(DATA BLOCK Opens)

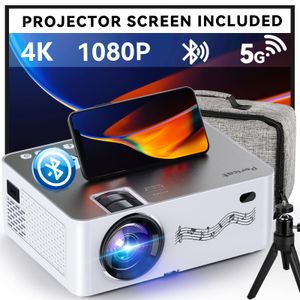 Proyector con WiFi y Bluetooth, 5G WiFi nativo 1080P/280 ANSI Proyector de película con pantalla,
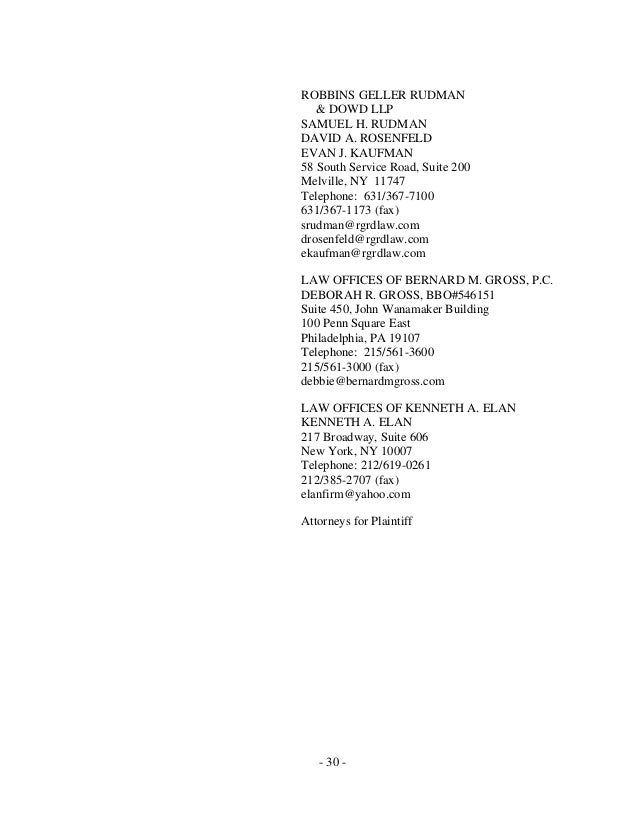 Robbins Geller Rudman & Dowd LLP New York City, NY Office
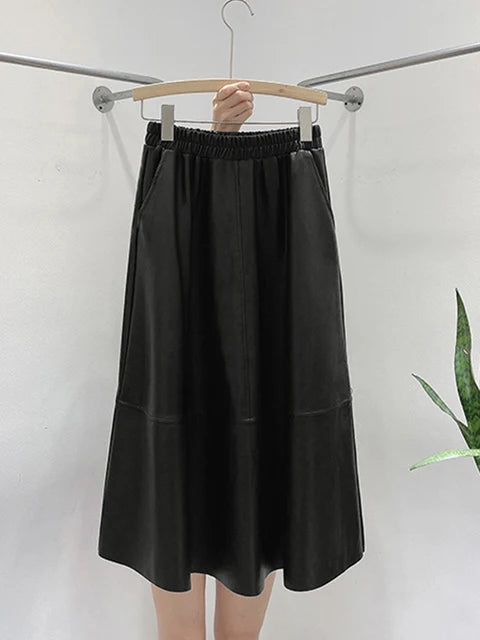 Solira™ High Waist Leather Midi Skirt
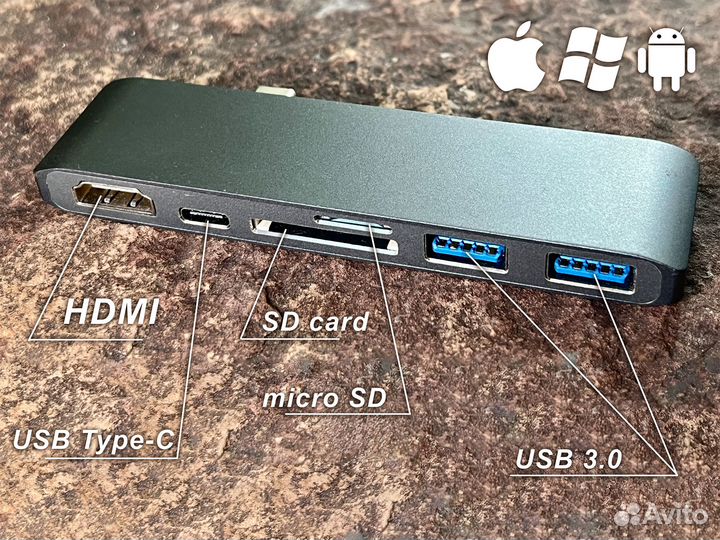 Картридер usb type-C разветвитель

(DATA BLOCK Closes)

ABOUT THIS EXERCISE → Starting at the line that contains "Robbins Geller Rudman", please write out each line through the last line of the data, both ends included, and keep pictures out of the copy.

RESPONSE BELOW →
 Robbins Geller Rudman & Dowd LLP New York City, NY Office
 Solira™ High Waist Leather Midi Skirt
 Картридер usb type-C разветвитель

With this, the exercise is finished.